* WHAT TO WORK ON
Write each entry out again verbatim, pictures excluded.

* PROVIDED INFORMATION

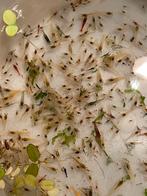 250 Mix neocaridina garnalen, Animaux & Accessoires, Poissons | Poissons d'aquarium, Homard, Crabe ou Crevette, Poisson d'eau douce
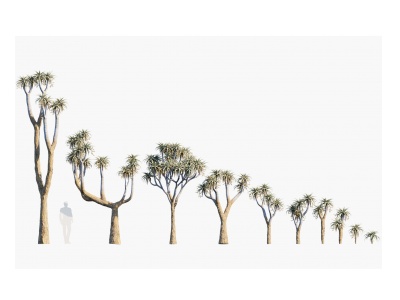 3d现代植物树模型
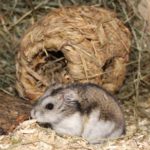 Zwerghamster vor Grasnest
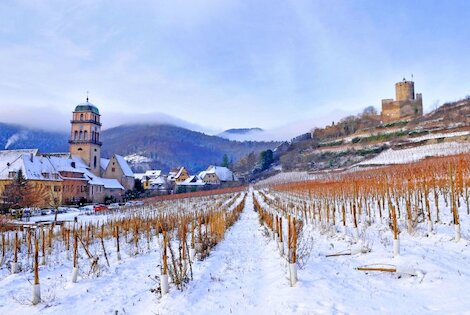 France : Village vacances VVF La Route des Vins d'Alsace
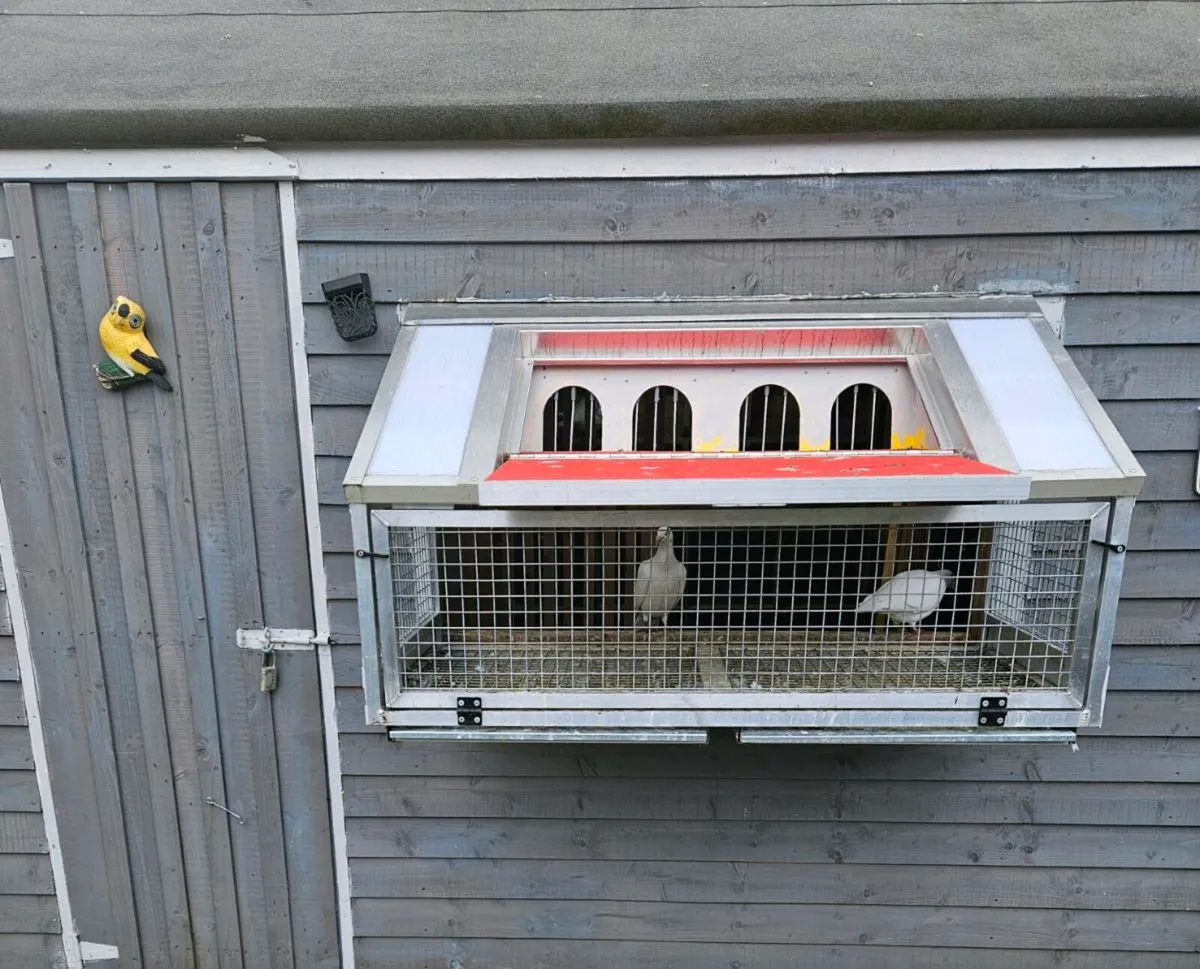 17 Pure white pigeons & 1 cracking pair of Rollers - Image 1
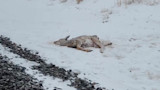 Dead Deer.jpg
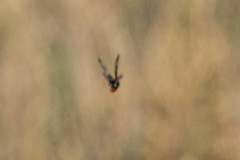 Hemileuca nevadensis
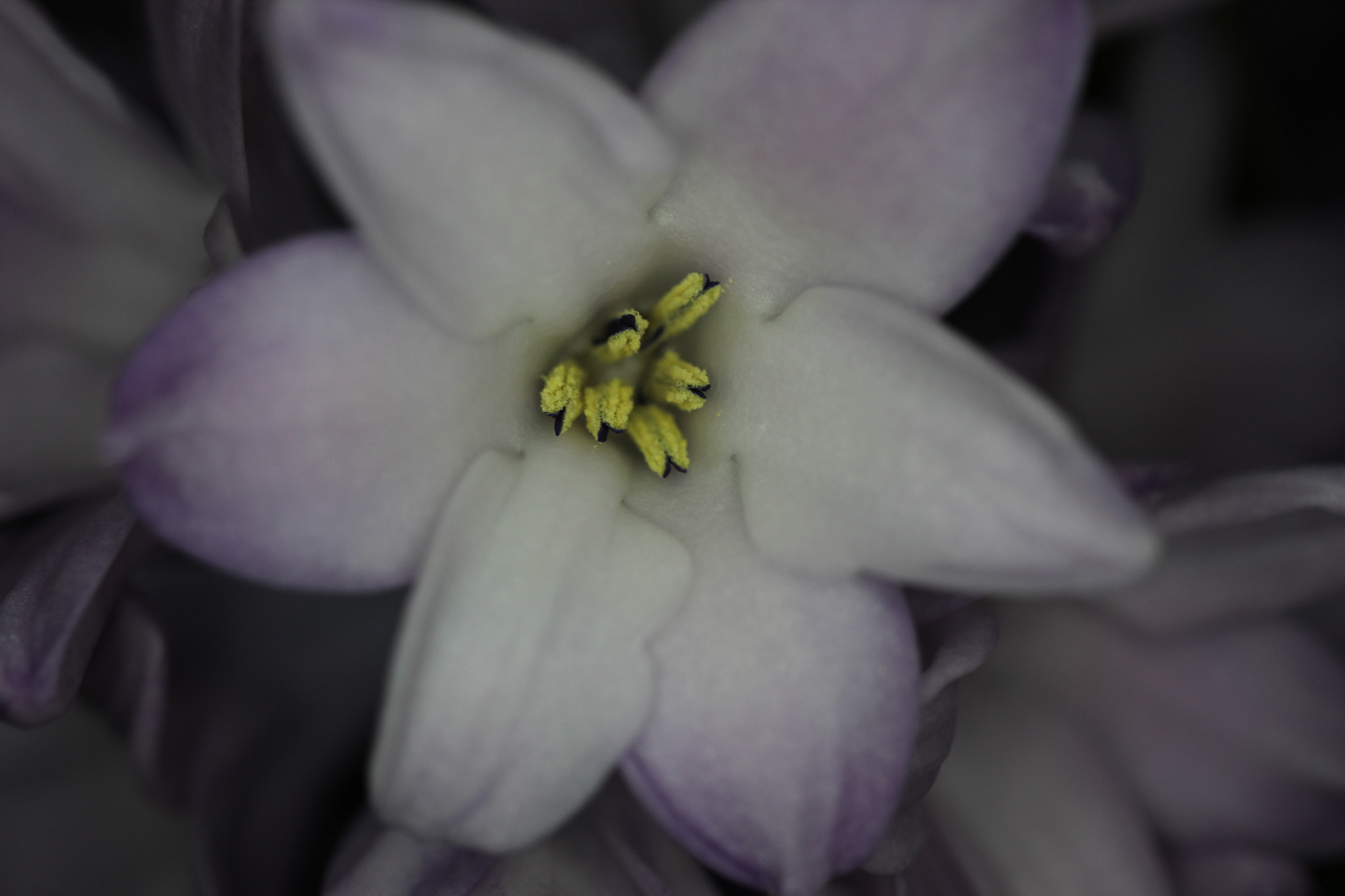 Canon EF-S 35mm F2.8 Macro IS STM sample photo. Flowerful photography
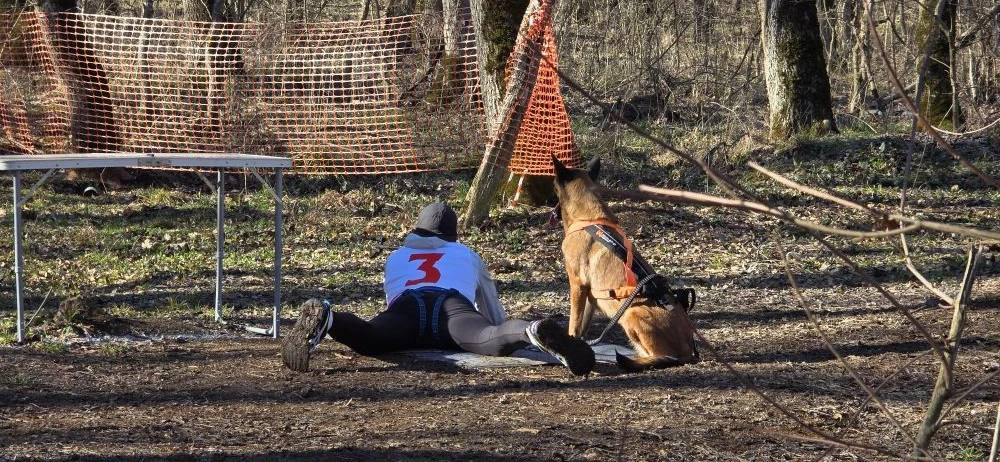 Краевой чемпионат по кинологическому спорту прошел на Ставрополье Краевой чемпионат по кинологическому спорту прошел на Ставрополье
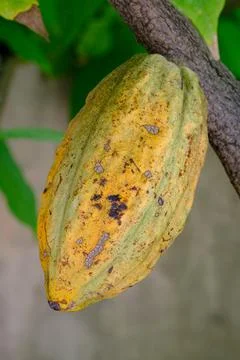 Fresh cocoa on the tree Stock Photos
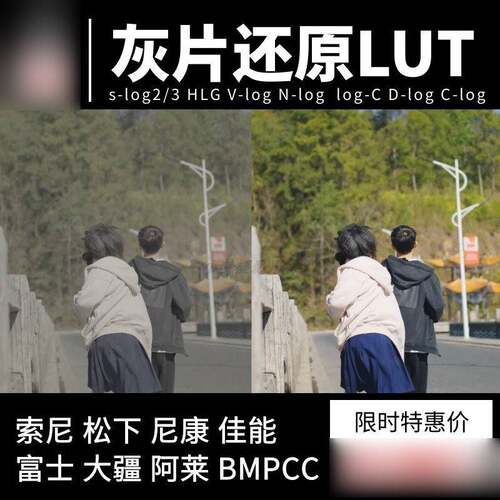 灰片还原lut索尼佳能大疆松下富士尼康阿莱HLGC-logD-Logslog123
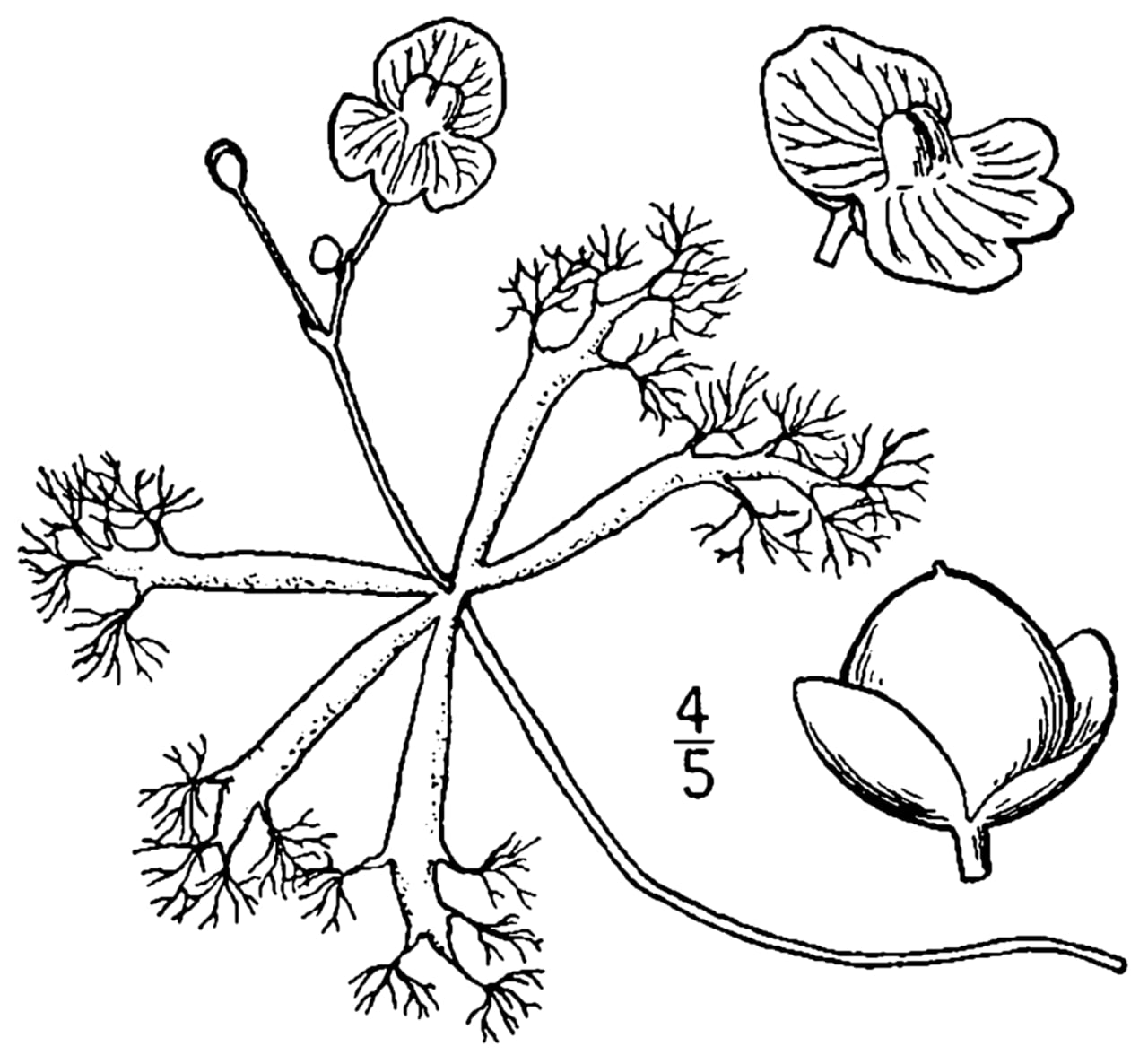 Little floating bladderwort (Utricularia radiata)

* RESPONSE AREA
 250 Mix neocaridina garnalen, Animaux & Accessoires, Poissons | Poissons d'aquarium, Homard, Crabe ou Crevette, Poisson d'eau douce
 3d现代植物树模型
 Zwerghamster vor Grasnest
 France : Village vacances VVF La Route des Vins d'Alsace
 17 Pure white pigeons & 1 cracking pair of Rollers - Image 1
 Dead Deer.jpg
 Hemileuca nevadensis
 Canon EF-S 35mm F2.8 Macro IS STM sample photo. Flowerful photography
 Краевой чемпионат по кинологическому спорту прошел на Ставрополье Краевой чемпионат по кинологическому спорту прошел на Ставрополье
 Fresh cocoa on the tree Stock Photos
 灰片还原lut索尼佳能大疆松下富士尼康阿莱HLGC-logD-Logslog123
 Little floating bladderwort (Utricularia radiata)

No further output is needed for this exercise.